In FIGS. 2A and 2B, reference numeral 30 designates a semiconductor device socket (hereinafter referred merely to as a “socket”). The socket 30, in this embodiment, is basically constructed with an operation member 31, a socket body 32 having a receptacle (not shown) to receive therein a semiconductor device, a plurality of contacts 33 provided in the socket body 32 and to be electrically contacted with a semiconductor device received, and a connection mechanism 40 for providing an electric connection with a printed-wiring board 51.
The operation member 31 is attached vertically movable relative to the socket body 32.
In this embodiment, the contacts 33 provided in the socket body 32 are opened and closed by vertical movement of the operation member 31. Specifically, when the operation member 31 is pressed downward, one contact piece 33 a is moved to the left in the figure while the other contact piece 33 b retains in the initial position. On this occasion, a semiconductor device can be received in the socket body 32. Meanwhile, the one contact piece 33 a, moved in relation to the operation member 31 moved upward by a coiled spring 36 provided in the socket 32, is returned to the initial position, thus resulting in clamping the exterior contacts of the semiconductor device. Incidentally, the contacts 33 are not limited to those for clamping the exterior contacts of a semiconductor device but may be in any form provided that it is suited for a semiconductor device to be received.
The contact 33 has a bottom 34 formed flat in shape and to be electrically contacted with the upper free end (first free end) of the connection member 44 of the connection mechanism 40.
The connection mechanism 40, in this embodiment, has the same structure as that of the first embodiment, and hence omitted to detail.

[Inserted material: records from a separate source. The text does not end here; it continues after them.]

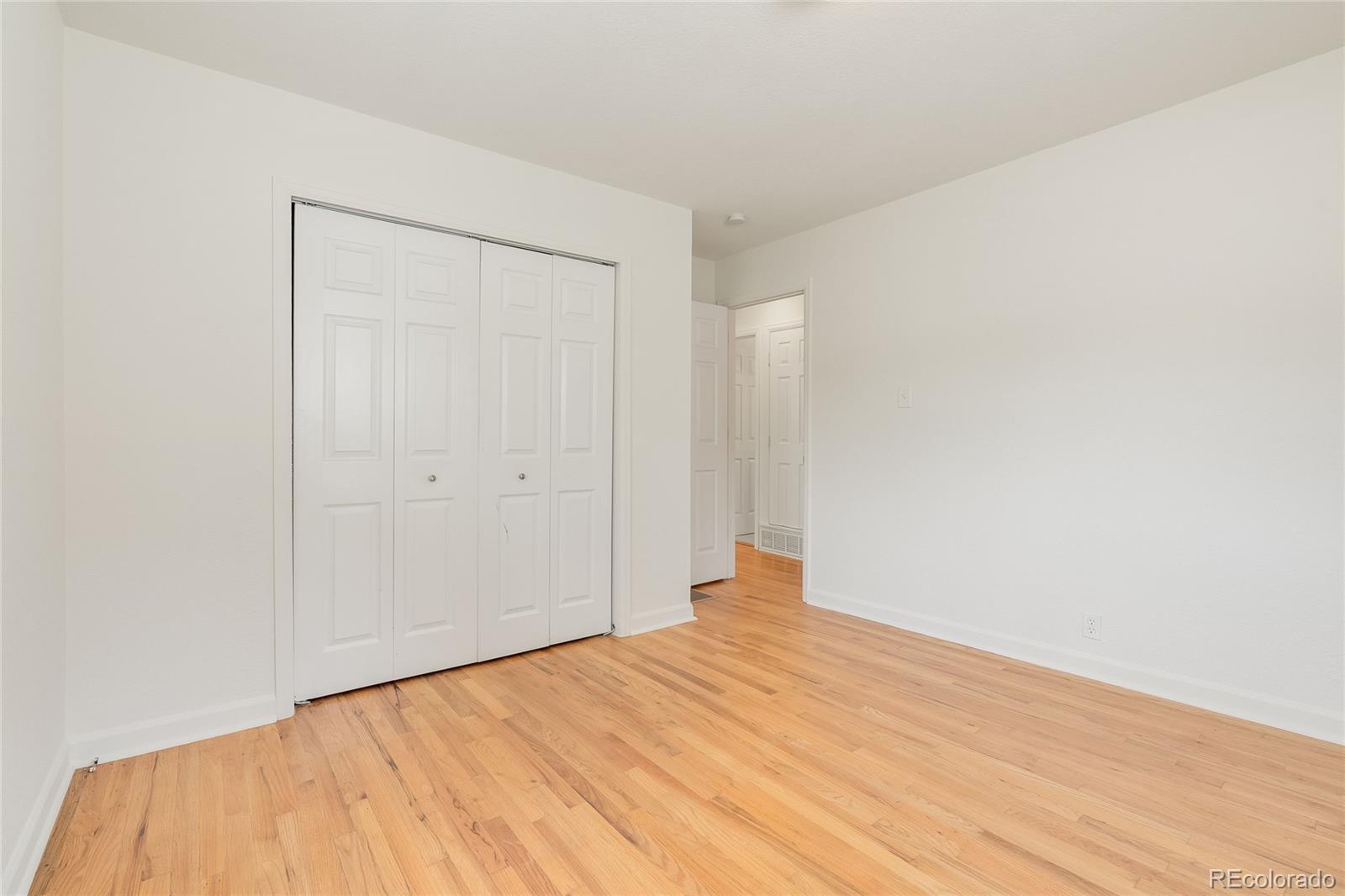 MLS Image #13 for 4972 w custer place,denver, Colorado
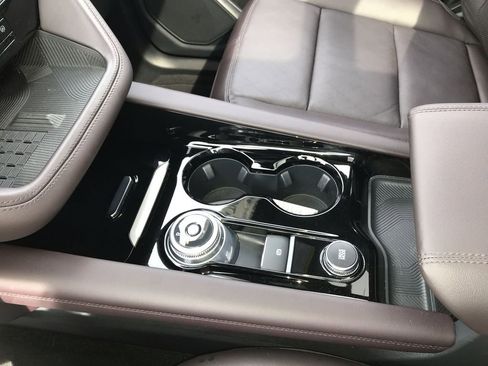 Used 2025 Ford Explorer Platinum w/ Ultimate Package image 21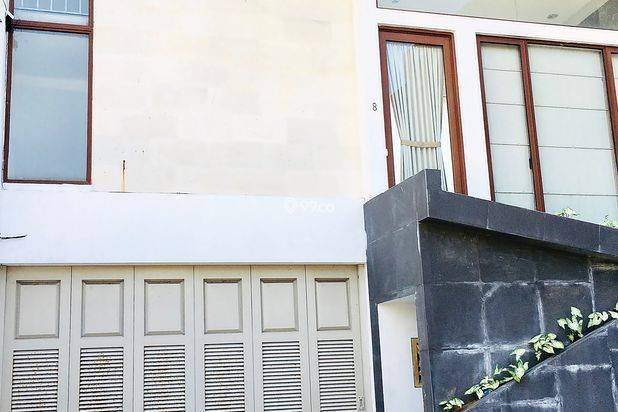 RUMAH MEWAH 3 LANTAI DI DAERAH ELITE RENON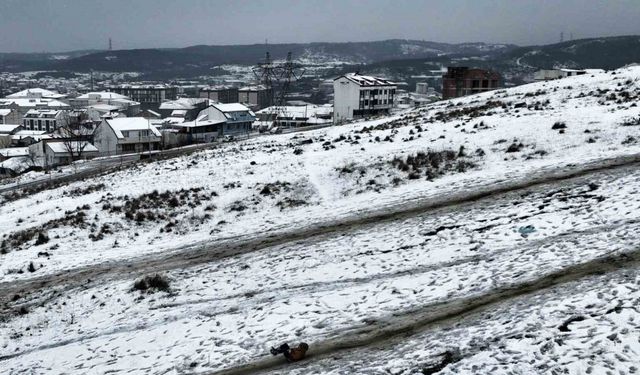 Arnavutköy beyaza büründü, çocuklar yokuştan poşetlerle kaydı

The difference from the first embodiment lies in that the connection member 44 of the connection mechanism 40 contacts at its upper free end (first free end) with the contact bottom 34 and that the connection mechanism 40 is fixed to the socket body 32 by means of a fixing mechanism such as screws 35 provided in through-holes formed in the alignment plate 42.
This embodiment is effective for the case where the semiconductor device received in the socket has external contacts comparatively greater in pitch. This simplifies the structure because of no need to intervene a pitch-changing board.
Meanwhile, positive electric connection is available thus making it easy to change the socket itself or only the connection mechanism.
The present invention has been described in detail with respect to preferred embodiments, and it will now be apparent from the foregoing to those skilled in the art that changes and modifications may be made without departing from the invention in its broader aspect, and it is the invention, therefore, in the appended claims to cover all such changes and modifications as fall within the true spirit of the invention.